Here’s where it gets emotionally radioactive. The grandson mentioned his grandmother says “it’s all mine” but might change her mind last-second. This is the unspoken risk in family wealth management. Until inheritance, it’s legally her money, and acting against her wishes, even mathematically justified, can spark family warfare.

Never restructure without explicit, documented consent. The community advice was blunt: “If she says it’s yours, she can transfer it now. Until then, it’s hers, and everything you do can backfire, not legally, but through family conflict.” This is particularly true in Austria, where Schenkungssteuer (gift tax) and inheritance expectations create minefields.

If she genuinely wants you to inherit, consider a partial gift now, leveraging the €20,000 tax-free gift allowance per grandparent every ten years. Or establish a clear Vermächtnis (bequest) in her will. But don’t confuse Vollmacht with ownership. Your legal duty is to act in her best interest, not your inheritance’s best interest.

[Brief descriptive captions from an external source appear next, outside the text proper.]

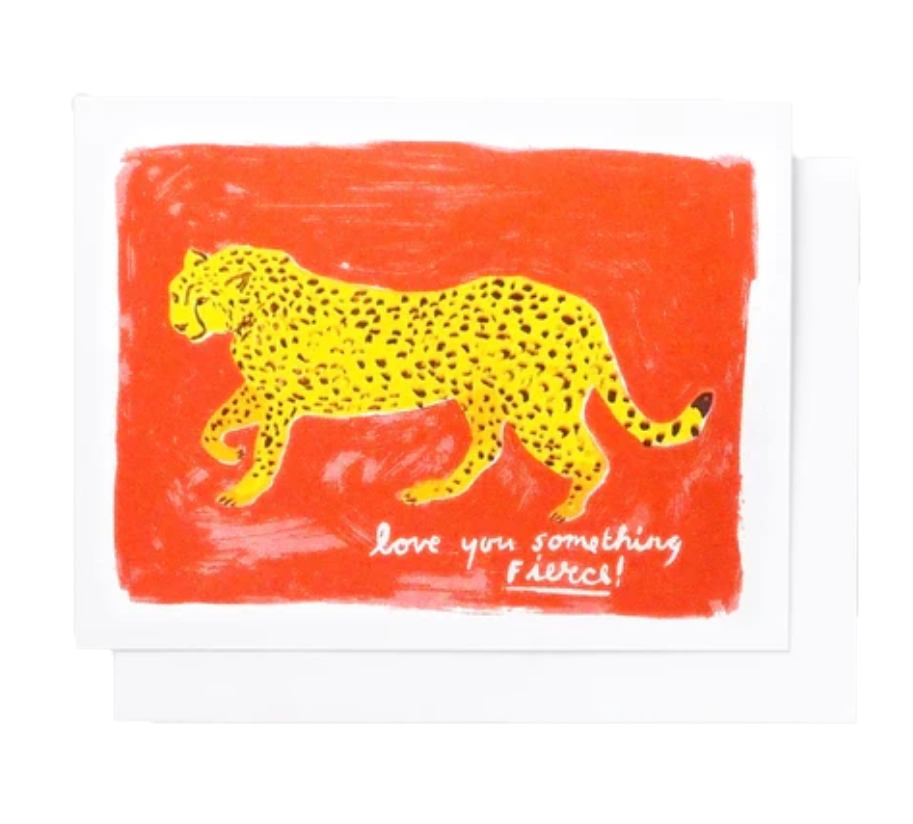 Fierce greeting card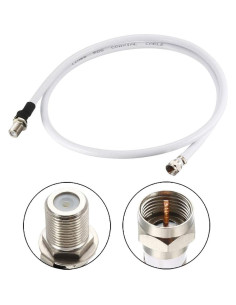 Cable Coaxial RG6 uxcell Macho a Hembra 1.22m 75 Ohm 2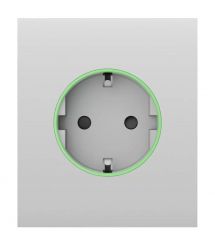 Центральная панель для встроенной розетки Ajax СenterCover (smart) White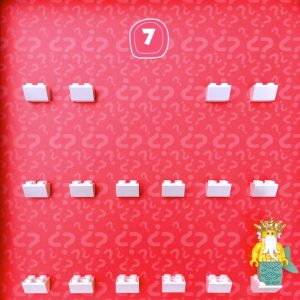 FRAMEPUNK LEGO Minifigures Series 7 Display with minifigures lineup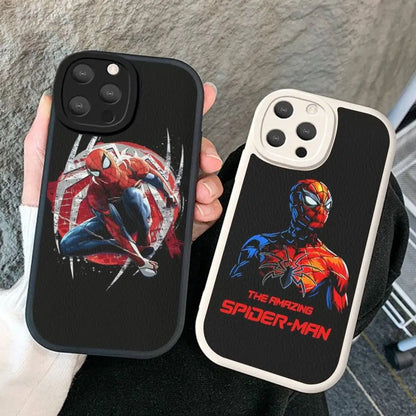 Cartoon Groot Spiderman Phone Case Hard Leather For iPhone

The Practical Exit Strategy

So what should the grandson actually do? Follow this sequence:

  • Confirm you’re operating under Vollmacht, not Erwachsenenvertretung
  • If the latter, consult a Notar about court approval for restructuring
  • Document grandmother’s capacity and consent in writing

2. Analyze Each Position Ruthlessly

  • List all funds with ISIN, fees, and performance
  • Compare against equivalent ETFs (e.g., MSCI World at 0.2% TER)
  • Calculate fee drag over expected holding period

3. Execute a Staged Transition

  • Stop all Sparpläne in old funds immediately
  • Sell worst offenders first (highest fees, poorest performance)
  • Use Freistellungsauftrag to minimize KeST impact
  • Transfer cash to low-cost broker like Smartbroker+ or Traders Place (both offer free ETF purchases)

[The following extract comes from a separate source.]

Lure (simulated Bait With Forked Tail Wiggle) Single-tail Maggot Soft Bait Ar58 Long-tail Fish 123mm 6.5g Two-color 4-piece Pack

4. Master the Depotübertrag

  • Initiate transfer at the new broker using their form
  • Specify “Übertrag ohne Gläubigerwechsel”
  • Secure all Kaufabrechnungen and Steuerunterlagen first
  • Plan for 2-6 weeks of transition time where you can’t trade

5. Document Everything for Family

  • Create a simple report showing fee savings
  • Share the math: “This saves €2,500 annually”
  • Get written approval for each major change

The Bottom Line: Redefining Fiduciary Duty

Your fiduciary responsibility isn’t to preserve the status quo, it’s to preserve and grow wealth for the beneficiary’s actual needs. In 2025 Austria, that means acknowledging that “mündelsicher” is often code for “guaranteed mediocrity.” The grandson’s €170k situation isn’t unique, it’s replicated in thousands of Austrian households where loyalty to bank advisors and fear of taxes paralysis decision-making.

The spicy truth? Your banker wants you confused. They want you fixated on tax implications while ignoring fee hemorrhaging. They want you worried about “complexity” while they collect 1.5% for doing nothing. The moment you realize fiduciary duty means mathematical optimization, you’ve already won.

The inheritance your grandmother wants to leave isn’t a collection of 1990s mutual funds. It’s financial security. And sometimes, securing that future means killing the sacred cows, however “mündelsicher” they claim to be.

Expert analysis confirms: The best fiduciary decision is often the one that feels most uncomfortable to make.